DATA EXTRACT:
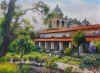 Carey-CarmelMissionGarden.jpg (893072 bytes)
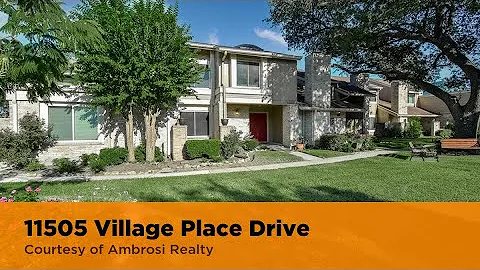 11505 Village Place Drive Houston, TX 77077 | Mich...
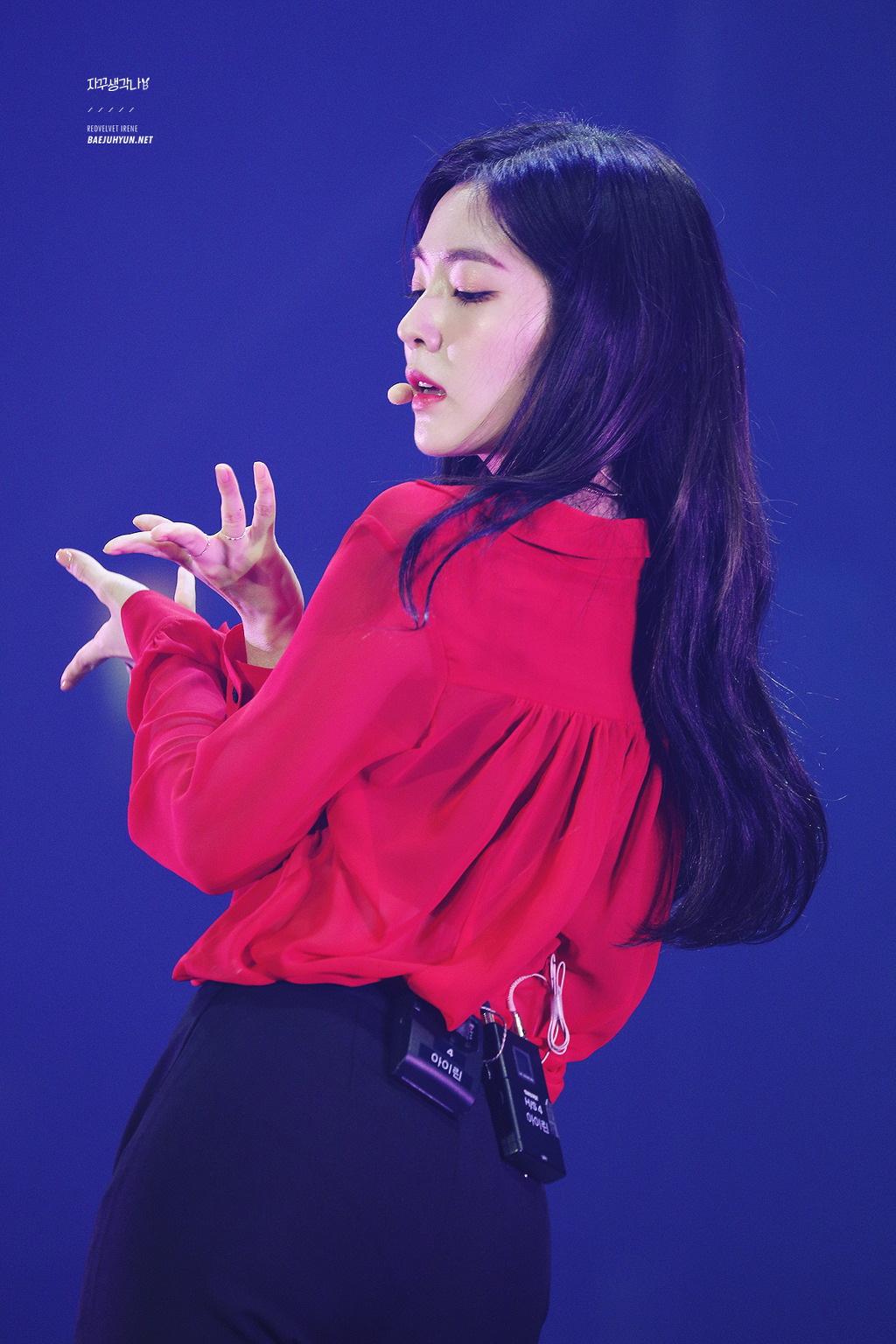 대만에서도 미모 대폭발한 레드벨벳 아이린.jpg | 인스티즈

GOAL OF THE EXERCISE:
Transcribe the whole of the data exactly, minus any pictures.

ANSWER FOR THIS EXERCISE:
 Carey-CarmelMissionGarden.jpg (893072 bytes)
 11505 Village Place Drive Houston, TX 77077 | Mich...
 대만에서도 미모 대폭발한 레드벨벳 아이린.jpg | 인스티즈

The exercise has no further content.